戸田城聖創価学会第二代会長は、日興上人が御本尊流布についてどれだけの大情熱を傾けておられたかについて、御筆止御本尊に触れながら話されている。

「日蓮大聖人様は、本尊流布ということをお考えになっていらっしゃった。だが、時機の問題で実行できかねておられたのです。そうしたところが、その後を継いだ興師様が、この御開山様が、ご遺志をついで御本尊様をぜんぶの者におわたしになった。ですから私は泣けてたまらないことがあるのです。

いまから三年前か五年前か忘れましたけれども、お虫払い法要の時に、御開山日興上人の御直筆の御本尊をぜんぶ見せてくださるが、そのなかに御筆止御本尊という御本尊様があります。もったいないけれども、その御本尊様のお文字が細く、枯れてしまっているのです。そこまで生命を打ち込んで御本尊様をお顕しになったのです」(「質問会」『戸田城聖全集』第二巻所収)

同じく戸田会長は、次のようにも話されている。

「ところが、御筆止御本尊というのがあるのです。それで、今度、お会式があるそうですけれども、そのときに、拝んだらいいと思いますが、私はそれを見たときに泣けました。なぜかというと、お筆が枯れて、弱っています。御本尊様が、ひじょうに枯れたお手でありまして、お筆の力が弱っているのです。それを御筆止御本尊と申し上げるのです。そうすると、この御本尊(筆者注 客殿の御本尊)を拝みますと、力いっぱいおしたためなのですが、御筆止御本尊は弱っていらっしゃるのです。そのお年まで御本尊様書写に、ご苦労あそばされた御開山日興上人様を思いますと、泣けます」(同)

日興上人が御本尊流布のために、渾身の力を振り絞られて、余命いくばくもないときにあっても御本尊書写されていたことが非常によくわかる。

宗祖日蓮大聖人の仰せに曰く。

「爰に日蓮いかなる不思議にてや候らん竜樹天親等・天台妙楽等だにも顕し給はざる大曼荼羅を・末法二百余年の比はじめて法華弘通のはたじるしとして顕し奉るなり」(日女御前御返事)

【通解】ここに日蓮はどういう不思議であろうか、正法時代の竜樹、天親等、像法時代の天台、妙楽でさえ、顕すことのなかった大曼荼羅を、末法に入って二百余年を経たこのときに、初めて法華弘通の旗印として顕したのである。

 

日蓮大聖人は、御本尊が「法華弘通のはたじるし」であると仰せになっている。

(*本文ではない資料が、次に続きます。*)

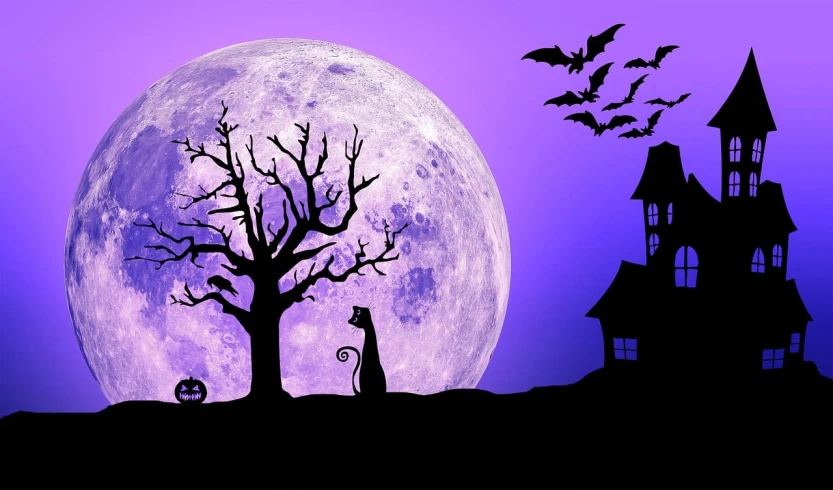 a halloween scene with a full moon and a spooky tree, trending on pixabay, conceptual art, purple cat, house background, grind, cat silhouette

だが、日顕は、広宣流布を主体的に進めてきた創価学会員に本尊を下附しないというのだ。もちろんこれは、新しく創価学会員となった新入信者に対しても同じである。

創価学会員に本尊下附しないということは、法華講や直属信徒の折伏など微々たるものだから、本尊流布を全体的に停止するに等しい行為だ。宗開両祖の御本尊流布への御遺志を踏みにじる日顕の罪は、実に重いものであると言わねばならない。御本仏のお怒りを恐れぬ所業である。今回の処置は、日顕みずから「法華弘通のはたじるし」を放棄してしまったに等しい。

日顕は、御本尊書写、下附の権限がなんのために与えられているかをよくよく考えてみることだ。民衆救済のために御本尊書写、下附の権限が与えられているのである。その本義をわきまえないで、この権限を、信徒を己に隷属させるために乱用するとはいかなることであろうか。

今日にあっては、御本尊書写がことさらタブー視され、それについて話すだけでも罰があたるのではないかといった恐れをともなって認識されているようだが、かつては、末寺の住職も御本尊を書写していたのである。

末寺住職の書写した御本尊は、いちおう仮御本尊などと呼ばれているが、旧信徒の中には何代にもわたりその御本尊を護持している者もいる。また、末寺住職の書写した板曼荼羅もある。

交通不便な江戸時代などにあっては、当代法主書写の御本尊を下附していただくことは至難のことだった。また、下附してもらうためにはある程度の信心、財力も必要だったようだ。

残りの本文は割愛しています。